PRUDENCIA.— Ya me voy. Os he hecho una visita larga.
(Se levanta.)

BERNARDA.— Espérate, mujer. No nos vemos nunca.

PRUDENCIA.— ¿Han dado el último toque para el rosario?

LA PONCIA.— Todavía no.

(Prudencia se sienta.)

BERNARDA.— ¿Y tu marido cómo sigue?

PRUDENCIA.— Igual.

BERNARDA.— Tampoco lo vemos.

PRUDENCIA.— Ya sabes sus costumbres. Desde que se peleó con sus hermanos por la herencia no ha salido por la puerta de la calle. Pone una escalera y salta las tapias del corral.

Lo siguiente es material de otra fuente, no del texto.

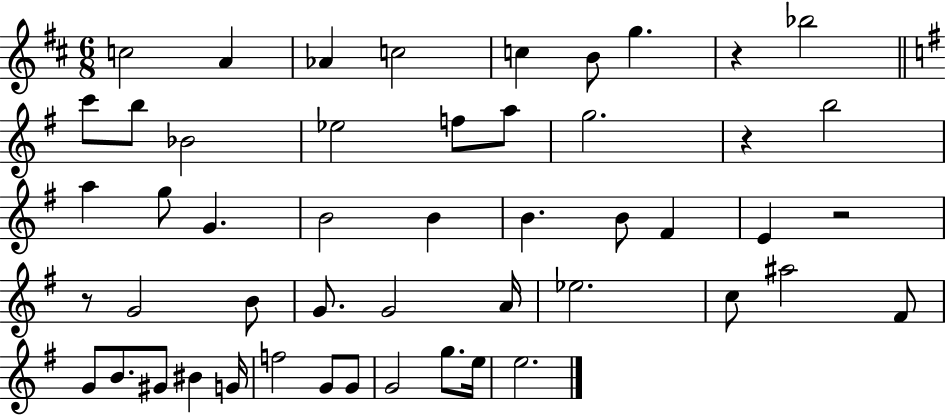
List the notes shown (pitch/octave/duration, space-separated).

BERNARDA.— Es un verdadero hombre. ¿Y con tu hija...?

PRUDENCIA.— No la ha perdonado.

BERNARDA.— Hace bien.

PRUDENCIA.— No sé qué te diga. Yo sufro por esto.

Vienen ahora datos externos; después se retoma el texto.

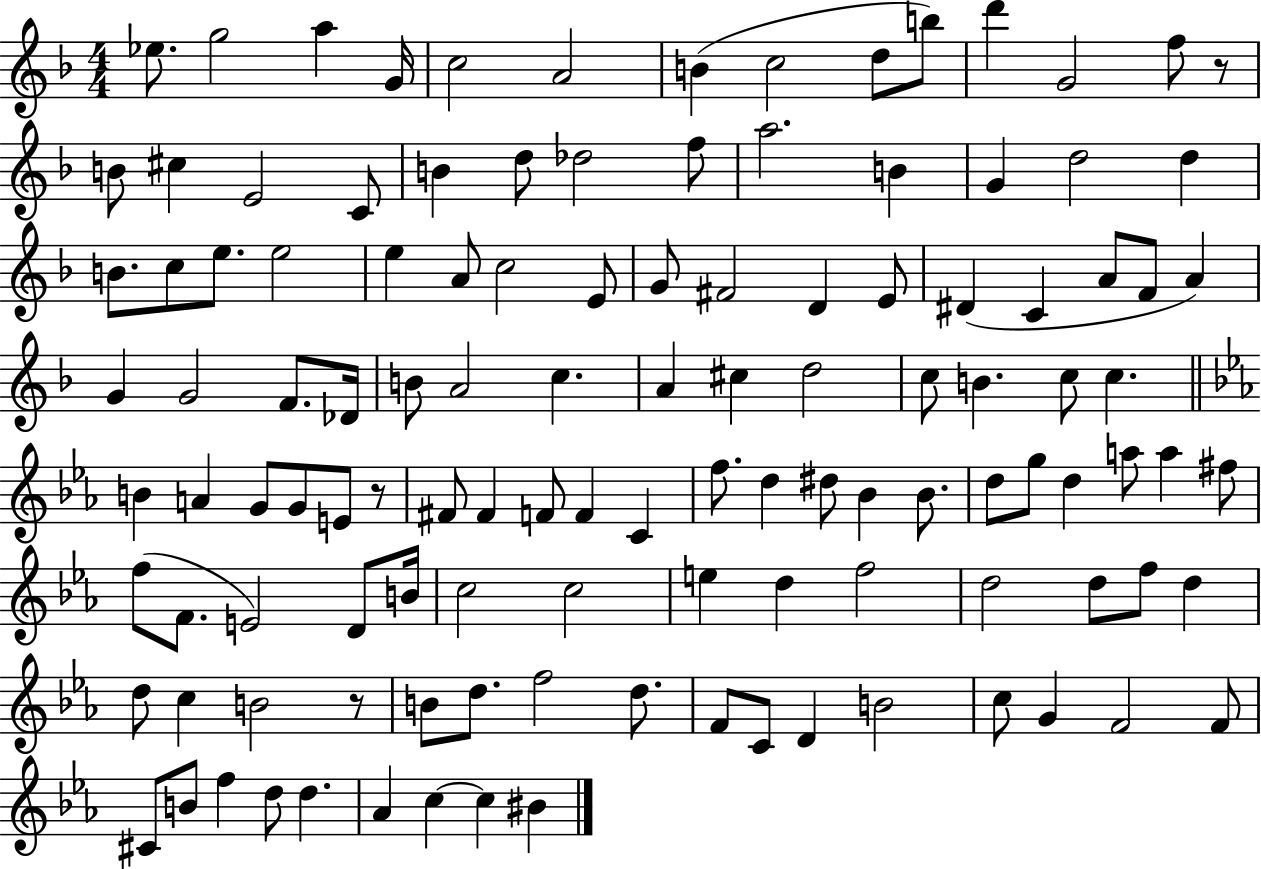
Eb5/e. G5/h A5/q G4/s C5/h A4/h B4/q C5/h D5/e B5/e D6/q G4/h F5/e R/e B4/e C#5/q E4/h C4/e B4/q D5/e Db5/h F5/e A5/h. B4/q G4/q D5/h D5/q B4/e. C5/e E5/e. E5/h E5/q A4/e C5/h E4/e G4/e F#4/h D4/q E4/e D#4/q C4/q A4/e F4/e A4/q G4/q G4/h F4/e. Db4/s B4/e A4/h C5/q. A4/q C#5/q D5/h C5/e B4/q. C5/e C5/q. B4/q A4/q G4/e G4/e E4/e R/e F#4/e F#4/q F4/e F4/q C4/q F5/e. D5/q D#5/e Bb4/q Bb4/e. D5/e G5/e D5/q A5/e A5/q F#5/e F5/e F4/e. E4/h D4/e B4/s C5/h C5/h E5/q D5/q F5/h D5/h D5/e F5/e D5/q D5/e C5/q B4/h R/e B4/e D5/e. F5/h D5/e. F4/e C4/e D4/q B4/h C5/e G4/q F4/h F4/e C#4/e B4/e F5/q D5/e D5/q. Ab4/q C5/q C5/q BIS4/q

BERNARDA.— Una hija que desobedece deja de ser hija para convertirse en una enemiga.

PRUDENCIA.— Yo dejo que el agua corra. No me queda más consuelo que refugiarme en la iglesia, pero como me estoy quedando sin vista tendré que dejar de venir para que no jueguen con una los chiquillos.
(Se oye un gran golpe, como dado en los muros.)
¿Qué es eso?

BERNARDA.— El caballo garañón, que está encerrado y da coces contra el muro.
(A voces.)
¡Trabadlo y que salga al corral!
( En voz baja.)
Debe tener calor.

PRUDENCIA.— ¿Vais a echarle las potras nuevas?

BERNARDA.— Al amanecer.

PRUDENCIA.— Has sabido acrecentar tu ganado.

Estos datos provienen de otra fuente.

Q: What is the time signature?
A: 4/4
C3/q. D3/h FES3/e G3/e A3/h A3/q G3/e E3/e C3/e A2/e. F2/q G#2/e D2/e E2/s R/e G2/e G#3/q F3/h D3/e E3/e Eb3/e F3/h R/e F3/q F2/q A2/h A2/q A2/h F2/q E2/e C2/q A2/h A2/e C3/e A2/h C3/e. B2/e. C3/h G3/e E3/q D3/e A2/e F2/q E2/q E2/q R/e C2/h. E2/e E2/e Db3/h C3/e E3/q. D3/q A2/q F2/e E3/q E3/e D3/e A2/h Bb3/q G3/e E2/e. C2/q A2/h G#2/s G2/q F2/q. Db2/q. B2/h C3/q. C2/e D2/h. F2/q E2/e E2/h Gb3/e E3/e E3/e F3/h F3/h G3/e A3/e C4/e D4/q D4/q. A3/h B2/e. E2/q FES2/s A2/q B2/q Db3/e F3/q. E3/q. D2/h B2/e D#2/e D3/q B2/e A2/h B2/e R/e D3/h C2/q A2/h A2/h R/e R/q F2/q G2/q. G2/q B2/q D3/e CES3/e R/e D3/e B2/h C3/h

BERNARDA.— A fuerza de dinero y sinsabores.

LA PONCIA.—
(Interviniendo.)
¡Pero tiene la mejor manada de estos contornos! Es una lástima que esté bajo de precio.

BERNARDA.— ¿Quieres un poco de queso y miel?

PRUDENCIA.— Estoy desganada.

(Se oye otra vez el golpe.)

LA PONCIA.— ¡Por Dios!

PRUDENCIA.— ¡Me ha retemblado dentro del pecho!

BERNARDA.—
(Levantándose furiosa)
¿Hay que decir las cosas dos veces? ¡Echadlo que se revuelque en los montones de paja!
(Pausa, y como hablando con los gañanes.)
Pues encerrad las potras en la cuadra, pero dejadlo libre, no sea que nos eche abajo las paredes.
(Se dirige a la mesa y se sienta otra vez.)
¡Ay, qué vida!

PRUDENCIA.— Bregando como un hombre.

BERNARDA.— Así es.
(Adela se levanta de la mesa.)
¿Dónde vas?

ADELA.— A beber agua.

BERNARDA.—
(En alta voz.)
Trae un jarro de agua fresca.
(A Adela.)
Puedes sentarte.
(Adela se sienta.)

PRUDENCIA.— Y Angustias, ¿cuándo se casa?

BERNARDA.— Vienen a pedirla dentro de tres días.

PRUDENCIA.— ¡Estarás contenta!

ANGUSTIAS.— ¡Claro!

AMELIA.—
(A Magdalena.)
¡Ya has derramado la sal!

MAGDALENA.— Peor suerte que tienes no vas a tener.

AMELIA.— Siempre trae mala sombra.

BERNARDA.— ¡Vamos!

PRUDENCIA.—
(A Angustias.)
¿Te ha regalado ya el anillo?

ANGUSTIAS.— Mírelo usted.
(Se lo alarga.)

PRUDENCIA.— Es precioso. Tres perlas. En mi tiempo las perlas significaban lágrimas..

ANGUSTIAS.— Pero y a las cosas han cambiado.

ADELA.— Yo creo que no. Las cosas significan siempre lo mismo. Los anillos de pedida deben ser de diamantes.

PRUDENCIA.— Es más propio.

BERNARDA.— Con perlas o sin ellas las cosas son como una se las propone.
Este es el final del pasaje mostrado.